Israeli-Palestinian peace talks have stagnated for 17 months, with the sides now bogged down over the extent of an Israeli withdrawal from more of the West Bank under a US initiative to move talks to a settlement.

Mr Arafat has not yet spelled out whether he would declare a state in all of the West Bank and Gaza, including on land still occupied by Israel, or only on those parts that have come under Palestinian self-rule since 1994.

Israel's Prime Minister, Mr Benjamin Netanyahu, has warned that the Jewish state would respond with measures of its own - a veiled reference to annexing Jewish settlements and other strategic ground in the West Bank.

Dr Abdel-Shafi led the Palestinian delegation to the Madrid Middle East peace conference in 1991, but parted ways with Mr Arafat over the omission from the 1993 Oslo accords of any guarantee of limits on the spread of Jewish settlements.

A champion of democratic government, Dr Abdel-Shafi resigned from the Palestinian Legislative Council last year over alleged corruption and misrule by Mr Arafat's Palestinian Authority and what he said was the council's failure to tackle it.

The former doctor commands wide respect as an "elder statesman" and won more votes than any other candidate in the 1996 legislative council elections.

His views on the Oslo process and the lack of democracy in the Palestinian Authority have struck a strong chord among ordinary Palestinians, angered by the impasse in peace talks with Israel.

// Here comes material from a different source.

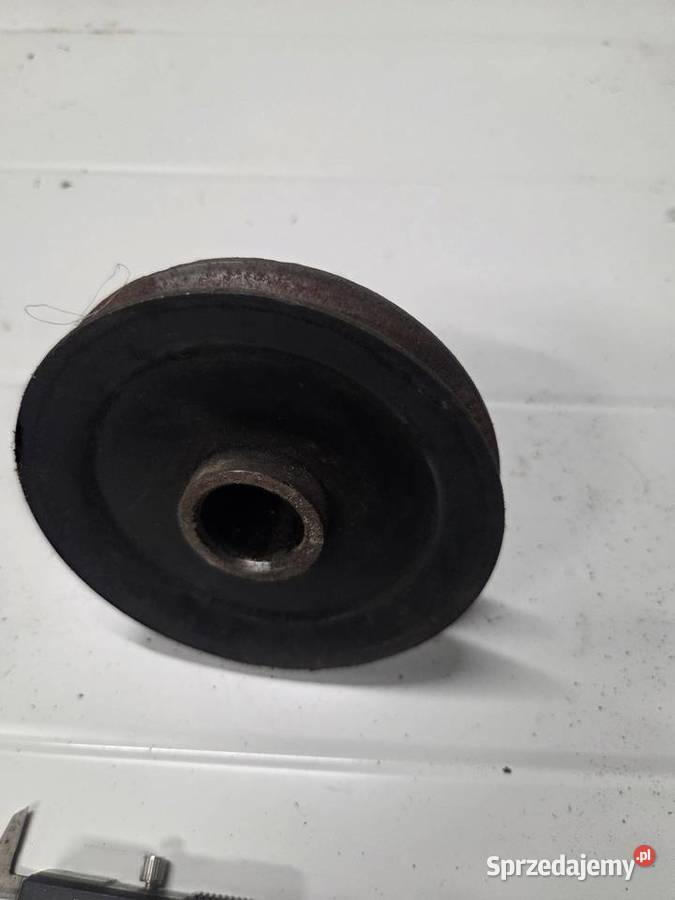 Szajba silnika toro 270 toro 268 kosiarka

An opinion poll published earlier this month by the Centre for Palestine Research and Studies in Nablus found that only 37 per cent of respondents believed the peace process with Israel would lead to the establishment of a Palestinian state. It also showed a drop in public support for Mr Arafat to 48 per cent from 61 per cent a month earlier and widespread distrust in the probity of Palestinian political institutions.